RELATED TO LUST, AMBITION, AND IDOLATRY
According to the record in 1 Kings, two kings—Solomon, a good king, and Jeroboam, an evil king—took the lead to set up the high places. In the case of Solomon, the building of the high places was related to the indulgence of lust. Solomon had hundreds of wives and concubines. In order to satisfy their desire, he built up high places. His wives had "turned away his heart after other gods" (1 Kings 11:4). In the case of Jeroboam, the building of the high places was related to ambition (1 Kings 12:26-32). Jeroboam wanted to maintain his empire. Fearing that the kingdom would return to the house of David if the people went to Jerusalem to worship, Jeroboam "made houses on high places" (v. 31, Heb.). Hence, Jeroboam’s ambition was the cause of his decision to build up high places. Furthermore, Jeroboam made two calves of gold and said to the people, "It is too much for you to go up to Jerusalem: behold thy gods, O Israel, which brought thee up out of the land of Egypt" (v. 28). He then "set the one in Bethel, and the other put he in Dan" (v. 29). Furthermore, "Jeroboam ordained a feast in the eighth month, on the fifteenth day of the month, like unto the feast that is in Judah" (v. 32). The month of this feast was "devised of his own heart" (v. 33). Jeroboam even made "priests from among all sorts of the people, which were not of the sons of Levi" (v. 31, Heb.). What evil is associated with high places! The high places were related to lust, ambition, and idolatry. Since high places signify divisions, this indicates that the divisions among Christians today are related to these evil things.

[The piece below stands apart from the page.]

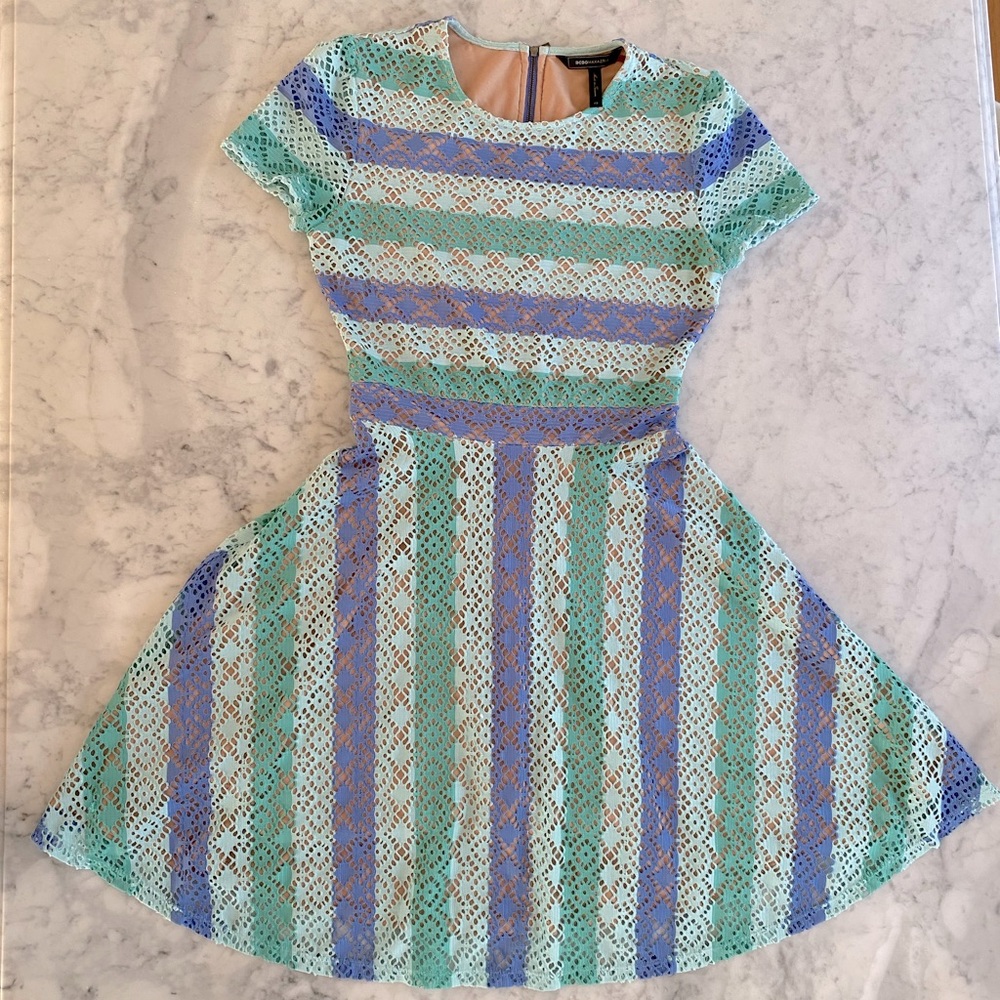 BCBGMAXAZARIA Fit & Flare Dress, Size XS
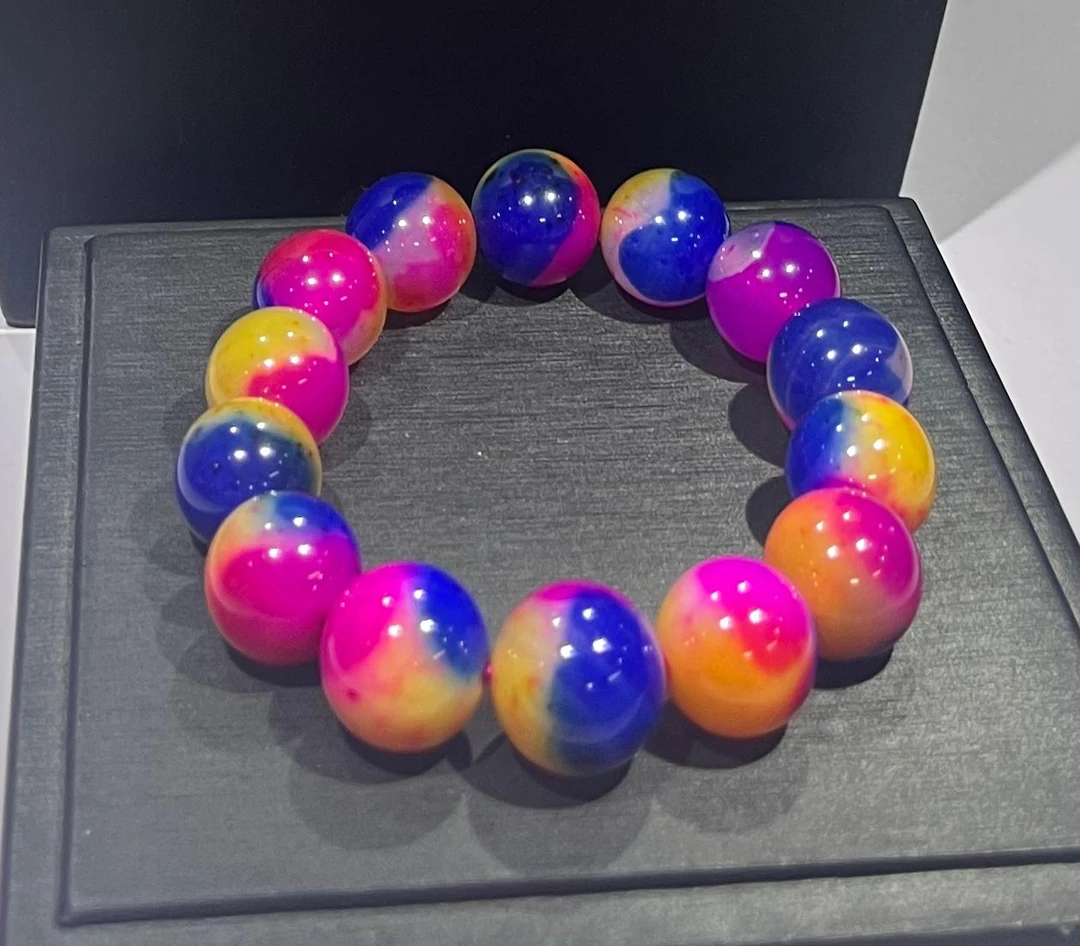 高端大气紫花龙胆草手串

Not many Christians realize that division is connected to lust, ambition, and idolatry. Most Christians would not go beyond saying that divisions are wrong and unscriptural and that they cannot agree with them. However, in the eyes of the Lord, division involves such things as lust, ambition, and idolatry. Remember, a high place is an elevation, something lifted above the common level. This indicates that a high place involves the exaltation of something. In principle, every high place, every division, in Christianity today involves the uplifting, the exaltation, of something other than Christ. The things that are exalted may not be evil. On the contrary, they may be very good and may include even Bible study or Bible teaching. Surely it is a good thing to teach the Bible. But Bible study may be related to division. In such a case, even a meeting for the study of the Scriptures becomes a high place; it may lead to the exaltation of something in place of Christ.
Today it is common for Christians to elevate things in place of Christ. For example, some elevate the practice of baptism by immersion. Although it is right and scriptural to immerse people, it is not right to exalt immersion in place of Christ. To do this is to build a high place for the exaltation of a particular mode of baptism. The existence of such a high place always gives an opportunity for the indulgence of lust or for the fulfillment of ambition. However, the unique place of God’s choice kills our lust and restricts our ambition. Even a very good thing such as Bible study can open the way for lust and ambition to come in, if it is exalted above Christ. Lust is inevitably followed by idolatry. Ambition, in fact, is a form of idolatry.